What this task involves
Return the lines of the data below starting at the one holding "Hot Sale Makeup Brush With Flat Design" and ending at the one holding "Suite Executive King Bed", word for word, leaving every picture out.
Segment Start: Data for this task
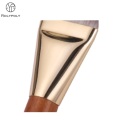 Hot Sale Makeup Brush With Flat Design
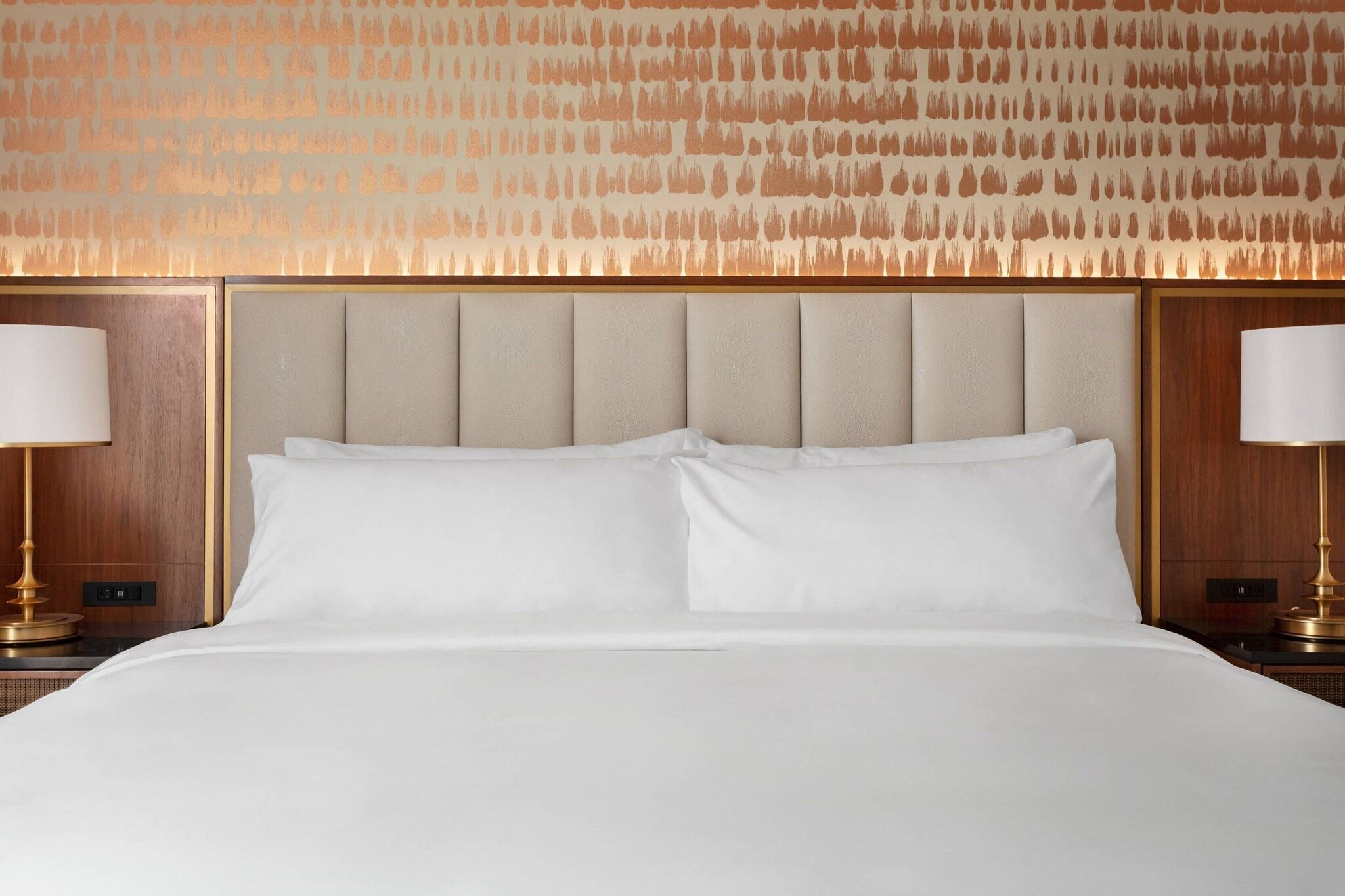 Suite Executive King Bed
Segment End: Data for this task
Segment Start: Data for this task
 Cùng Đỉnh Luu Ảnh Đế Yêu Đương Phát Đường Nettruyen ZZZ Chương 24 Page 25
Segment End: Data for this task
Answer space
 Hot Sale Makeup Brush With Flat Design
 Suite Executive King Bed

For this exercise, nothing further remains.